COURT OF APPEALS

                DECISION

   DATED AND RELEASED

 

              March 5, 1996

 

 

 

 

                  NOTICE

 

A party may file with the Supreme Court a petition to review an adverse decision by the Court of Appeals.  See § 808.10 and Rule 809.62, Stats.

This opinion is subject to further editing.  If published, the official version will appear in the bound volume of the Official Reports.

 

 

 

 

No.  95-1836-CR

 

STATE OF WISCONSIN               IN COURT OF APPEALS

  DISTRICT I           

                                                                                                                       

STATE OF WISCONSIN,

 

                                                            Plaintiff-Respondent,

 

                        v.

 

BENTURA MARTINEZ,

 

                                                            Defendant-Appellant.

                                                                                                                      

 

 

                        APPEAL from a judgment of the circuit court for Milwaukee County:  STANLEY A. MILLER, Judge.  Affirmed.

                        Before Sullivan, Fine and Schudson, JJ.

                        PER CURIAM.   Bentura Martinez appeals from a judgment of conviction for eight counts of first-degree sexual assault, one count of armed robbery, and one count of burglary.  See §§ 940.2251(1)(b), 943.10(1)(a) & (2)(a) and 943.32(1)(a) & (2), Stats.

                        On appeal, Martinez argues that: (1) the procedures used to identify him were impermissibly suggestive and unreliable and should have been excluded from evidence; (2) his right to confrontation and his right to present a defense were violated when the trial court precluded his full examination of a witness; and (3) the trial court submitted an unconstitutional flight instruction.  We affirm.

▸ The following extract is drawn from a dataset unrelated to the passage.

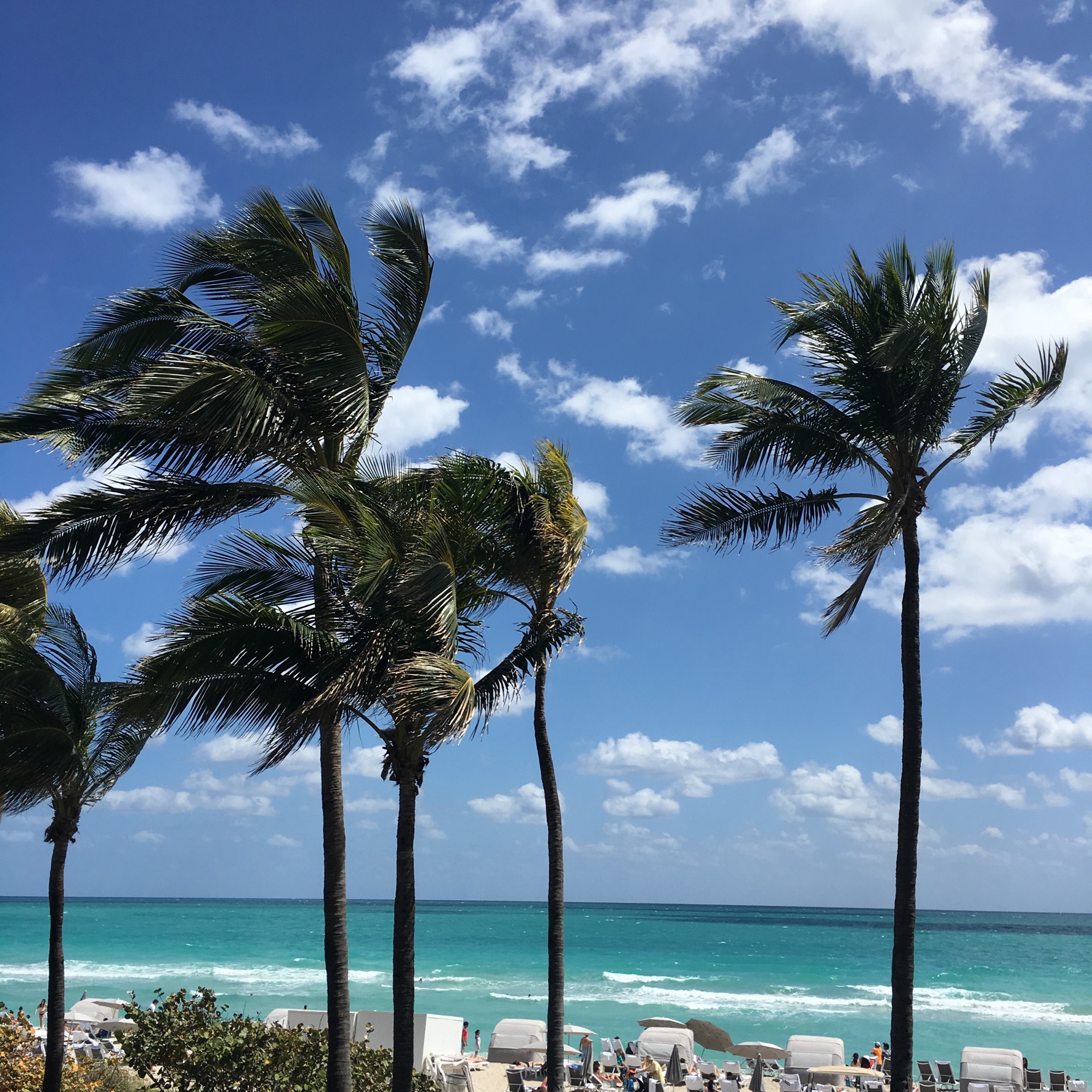 miami beach travel guide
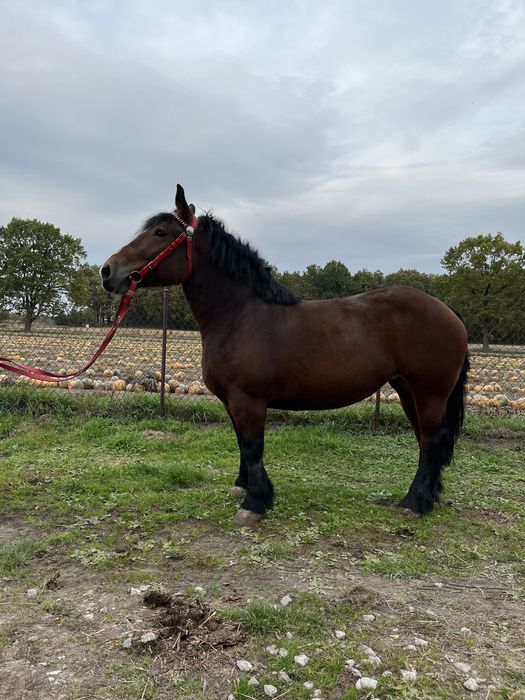 Sprzedam klacz Arden Polski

                        At trial, Martinez testified that on April 23, 1994, around 6:00 p.m., he left the home of a family friend to visit a local tavern.  He consumed a few alcoholic beverages at the tavern and left at approximately 7:30 p.m. for another tavern, where he consumed more alcoholic beverages.  He eventually returned to the first tavern, staying there until approximately 2:30 a.m.  He then went to his father's home to get some sleep.

                        The victim's boyfriend, Robert Reynolds, stated that on that same evening, he and the victim returned to his home at 12:30 a.m. and eventually went to sleep.  A few hours later, they were awakened in Reynolds's bedroom by a man with a gun, later identified as Martinez.  Reynolds was told to “look down” while Martinez repeatedly sexually assaulted the victim.  After the sexual assaults, Martinez physically assaulted Reynolds, taking his wallet and forcing him to open a closet safe where he took approximately $700.  Martinez then left.

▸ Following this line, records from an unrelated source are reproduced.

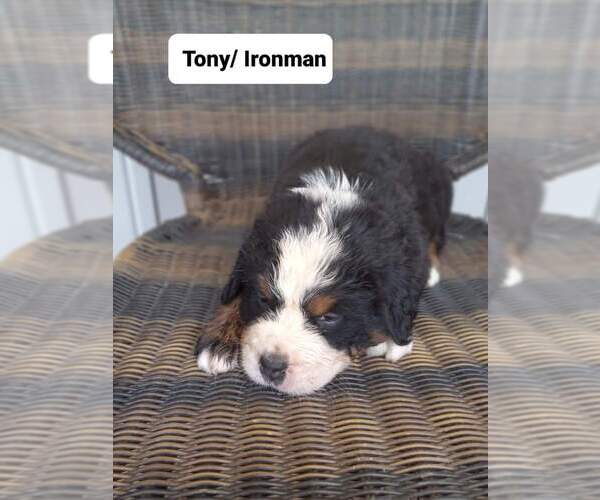 Medium Photo #1 Bernese Mountain Dog Puppy For Sale in VILONIA, AR, USA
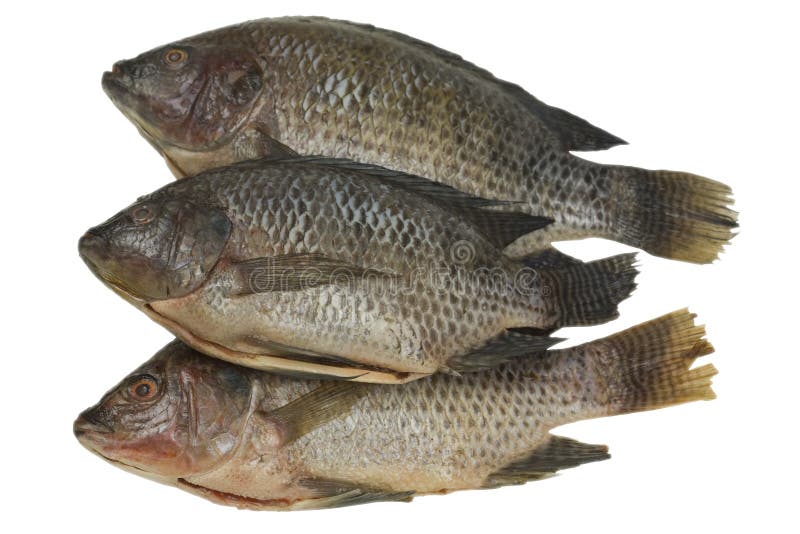 Poissons de Tilapia du Nil image stock. Image du freshwater 23603507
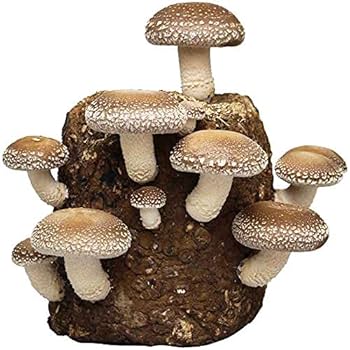 きのこさん専用 Amazon｜森のきのこ倶楽部 もりのしいたけ農園 ブロックのみ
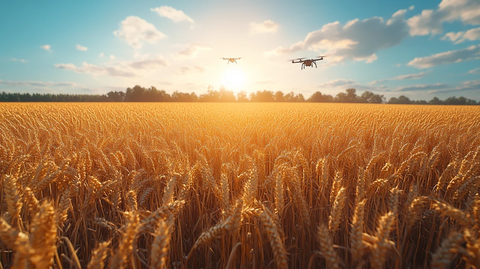 无人机飞越丰收田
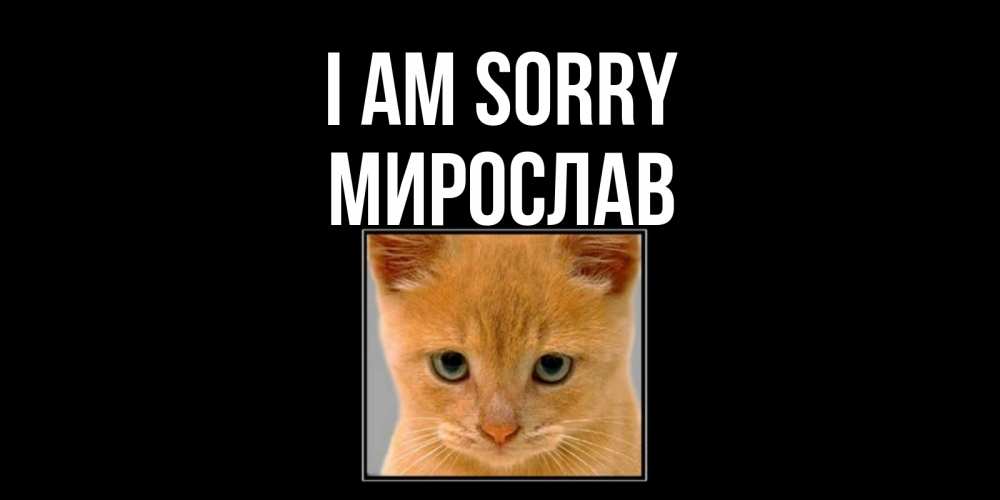 Greetings card с именем, Мирослав I am sorry рыжий грустный кот просит прощения Greetings with text for free download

                        The victim testified that she had never seen Martinez before.  The victim described Martinez as an overweight Hispanic male in his twenties.  Reynolds, who had met Martinez previously, identified Martinez after looking at fifty or sixty photographs.  The photograph selected by Reynolds was then placed with three others for the sexual-assault victim to view.  From the four pictures, she chose Martinez as her assailant.  Thereafter, the police department conducted a lineup that was viewed by both Reynolds and the victim.  The lineup consisted of four Hispanic males, including Martinez.  At the time of the lineup, Martinez was twenty-six years old, stood five feet eight inches tall and weighed 220 pounds.  The other three men were:  (1) twenty-four years old, five feet eight and 230 pounds; (2) twenty-four years old, five feet eight and 180 pounds; and (3) eighteen years old, five feet five and 156 pounds.  Both the victim and Reynolds again identified Martinez as the assailant at the lineup.  At trial, Martinez moved for the suppression of the identification testimony, alleging that the procedures used were unduly suggestive.  The trial court denied the motion.  A jury subsequently convicted Martinez of the sexual assaults, burglary and robbery.

                        Martinez argues that the procedures used to identify him were impermissibly suggestive and unreliable and should have been excluded from evidence by the trial court.  On appeal, a challenge to the suggestiveness of identification procedures raises an issue of law that we review de novo.  State v. Wilson, 179 Wis.2d 660, 682, 508 N.W.2d 44, 52–53 (Ct. App. 1993), cert. denied, 115 S. Ct. 100, 130 L.Ed.2d 48 (1994).  We accept a trial court's findings of fact as true unless they are clearly erroneous.  Id., 179 Wis.2d at 682-683, 508 N.W.2d at 53.  When examining a challenge to pre-trial identification procedures, we initially decide if the procedures were characterized by “unnecessary suggestiveness.”  Fells v. State, 65 Wis.2d 525, 537, 223 N.W.2d 507, 514 (1974).  If such a situation exists, we must then determine whether “despite the unnecessary suggestiveness, the `totality of the circumstances' show that the identification was nevertheless reliable.”  Id.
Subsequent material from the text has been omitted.